The above findings disprove the claim of the authors of Ref. \cite{shapiro93}
that \ao for $\ell \ge 3$ finite solutions with $h$ as given by Eq.
(\ref{eq:simpl-xsol2}) are also possible." In contrast to this statement, as
has been shown just before, there is {\em no\/} chance to find physically
acceptable, i.~e., real, solutions of the set of equations
(\ref{eq:simplfc(1)}) to (\ref{eq:simplfc(3)}) with $h \ne 0$ for any value
of $\ell$.

In Ref. \cite{lucha93a} there has been demonstrated that within any simplified
model (of the kind introduced in the preceding section) with vanishing Yukawa
coupling constant $h$ the masses of the scalar bosons receive, already at the
one-loop level, quadratically divergent contributions.
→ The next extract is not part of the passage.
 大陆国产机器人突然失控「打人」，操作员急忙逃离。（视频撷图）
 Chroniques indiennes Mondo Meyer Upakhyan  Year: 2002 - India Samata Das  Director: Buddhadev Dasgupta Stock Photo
Therefore, as a
by-product of the result stated above, already at this very early stage we
may ascertain that all theories among the class of simplified models with
vanishing one-loop beta functions, which are to be found as solutions of the
finiteness conditions (\ref{eq:olf-gc/simpl}) and (\ref{eq:simplfc(1)}) to
(\ref{eq:simplfc(3)}), will be plagued by quadratic divergences in the
renormalization of the scalar-boson masses.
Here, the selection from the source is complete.